Scraped caption text data
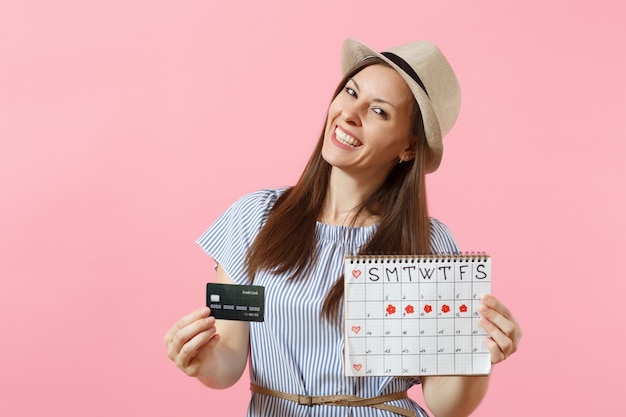 Porträt einer glücklichen Frau im blauen Kleid, Hut mit Kreditkarte, Periodenkalender, Überprüfung der Menstruationstage einzeln auf trendigem rosa Hintergrund. Gynäkologisches Konzept des medizinischen Gesundheitswesens. Platz kopieren.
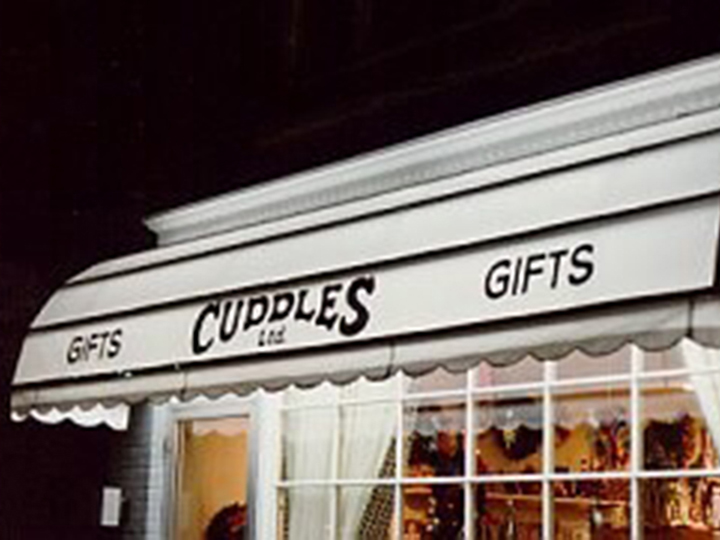 Cuddles Gifts awning in front of store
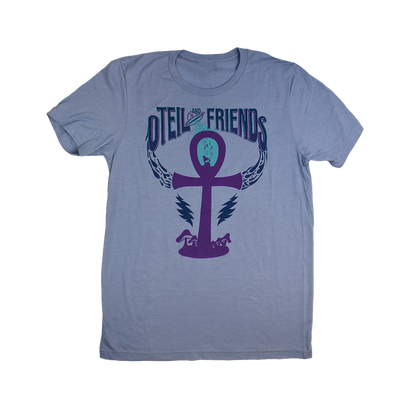 Light blue t-shirt featuring Oteil & Friends logo with purple ankh symbol, lightning bolt wings, and band name in stylized text. Design combines Egyptian symbolism with rock music imagery on a comfortable unisex tee.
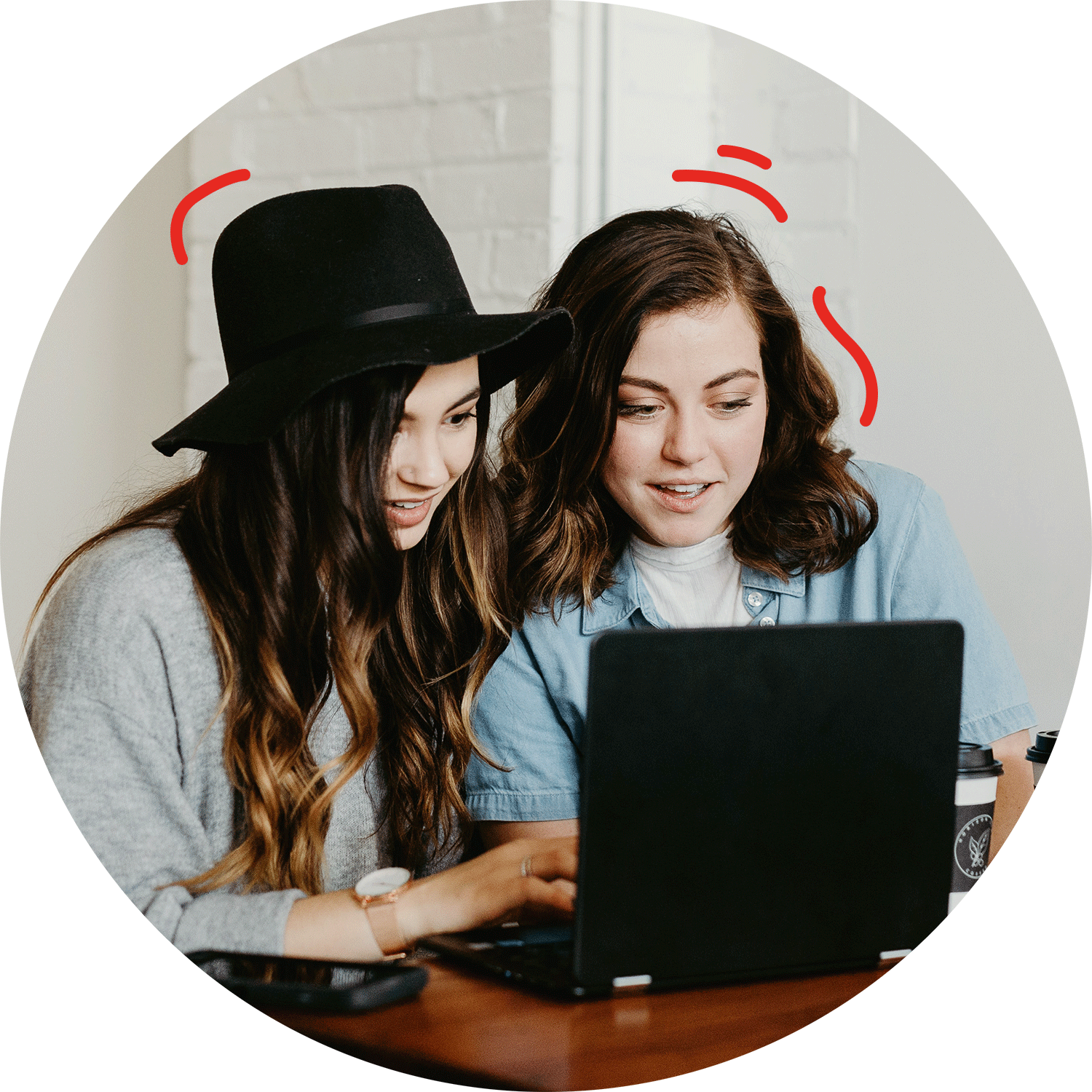 two peope working in front of one computer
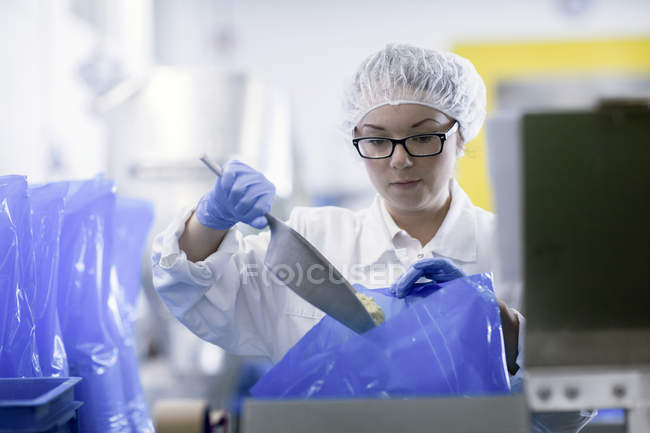 Factory worker scooping food into blue plastic bags — Stock Photo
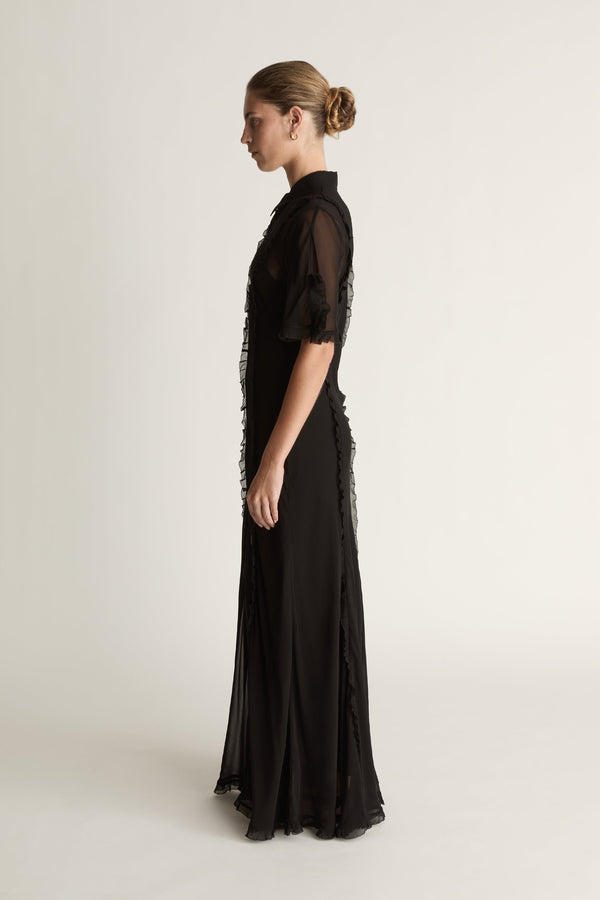 Black dress with sheer sleeves on a white background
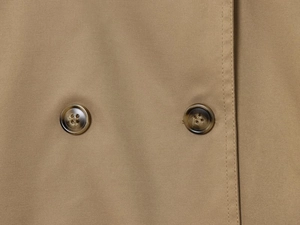 Detailed close-up of khaki trench coat twill fabric and brown tortoiseshell buttons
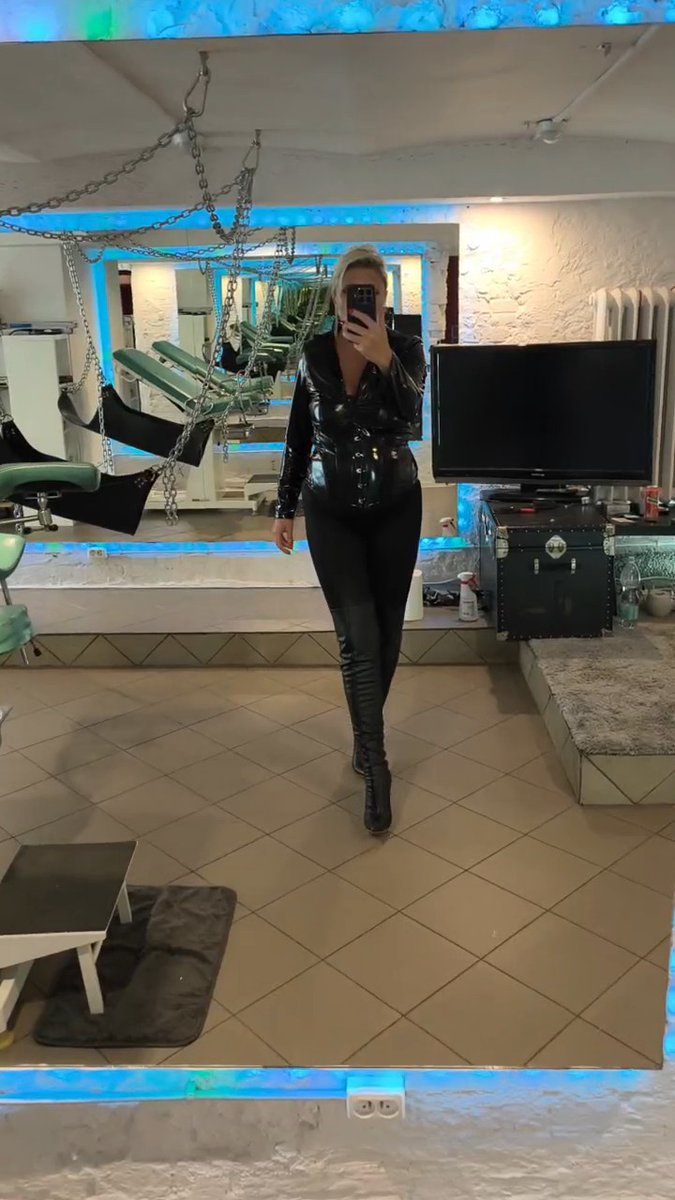 A mirror selfie of a blonde woman wearing a tight black leather outfit and boots, standing in a room with green dental-style chairs, chains hanging from the ceiling, and a TV on a trunk.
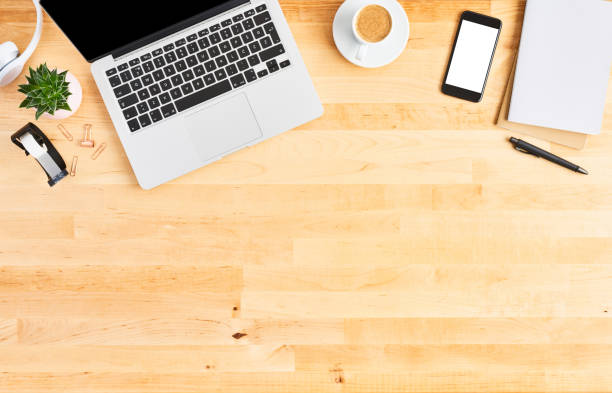 istock Top view of laptop computer on wooden office desk 1142010952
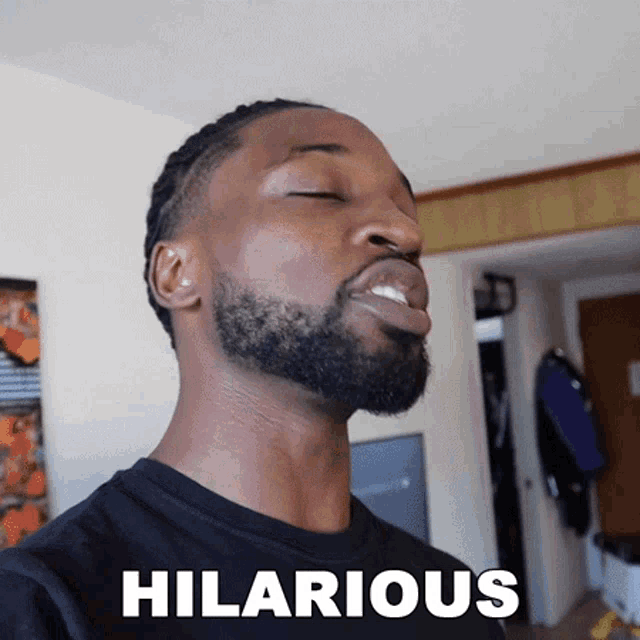 a man with a beard is making a funny face and the word hilarious is above him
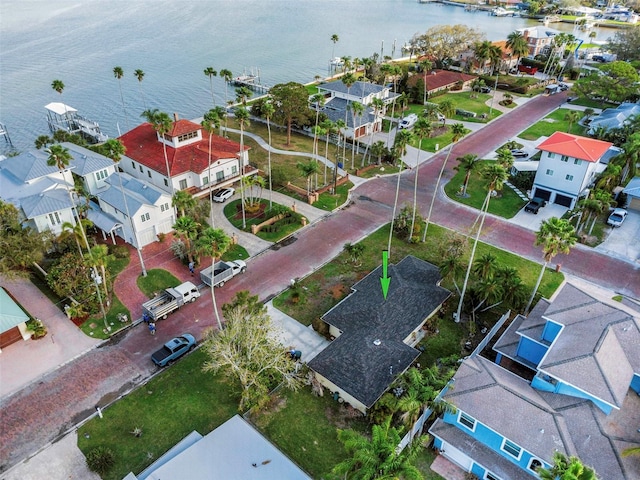 bird's eye view with a residential view and a water view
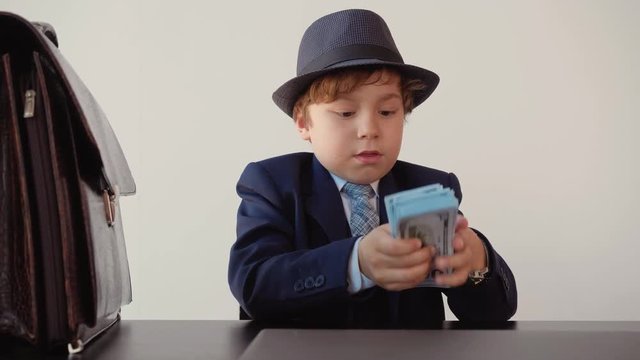 Little boy looks like a entrepreneur in suit and hat puts hundred-dollar banknotes in a stack pack on table in his office near briefcase. Business and money concept.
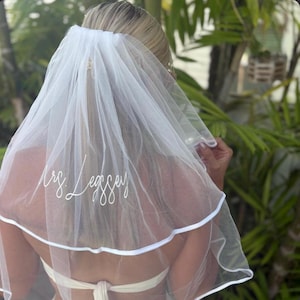 May include: A white, two-tier tulle bridal veil featuring a satin ribbon trim along the bottom edge. The veil is embroidered with the white cursive text "Mrs. Leggsey" on the lower section of the fabric, creating a personalized decorative accent.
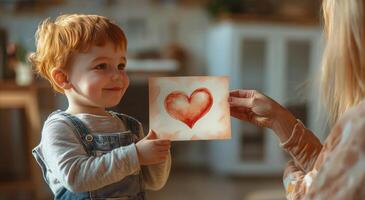 Young child holds a love themed art card in a cozy indoor setting during daylight photo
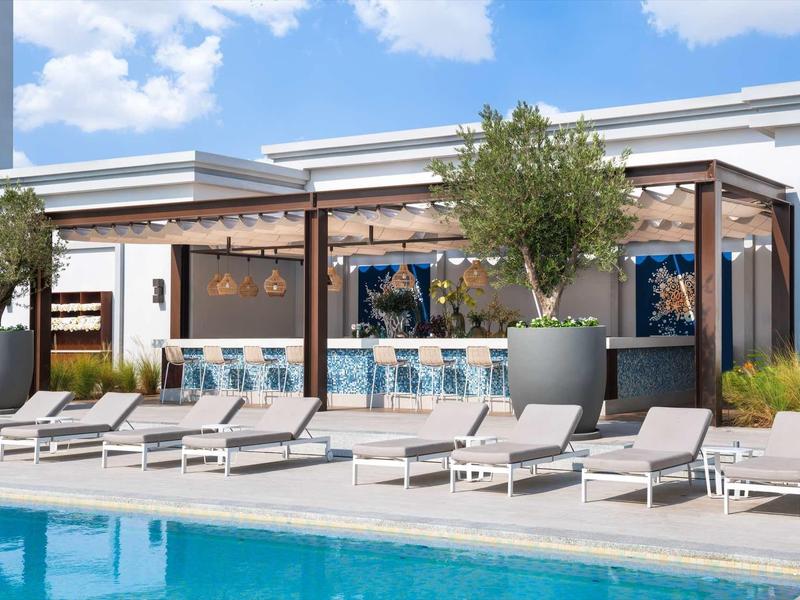 Moderne Poollandschaft mit Liegestühlen, Bar und großen Pflanzkübeln unter blauem Himmel.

__PROBLEM REQUIREMENTS__
Output the span from the line with "bird's eye view" through the last line of the data, inclusive and exact, and omit every picture.

__OUTPUT OF THE TASK__
 bird's eye view with a residential view and a water view
 Little boy looks like a entrepreneur in suit and hat puts hundred-dollar banknotes in a stack pack on table in his office near briefcase. Business and money concept.
 May include: A white, two-tier tulle bridal veil featuring a satin ribbon trim along the bottom edge. The veil is embroidered with the white cursive text "Mrs. Leggsey" on the lower section of the fabric, creating a personalized decorative accent.
 Young child holds a love themed art card in a cozy indoor setting during daylight photo
 Moderne Poollandschaft mit Liegestühlen, Bar und großen Pflanzkübeln unter blauem Himmel.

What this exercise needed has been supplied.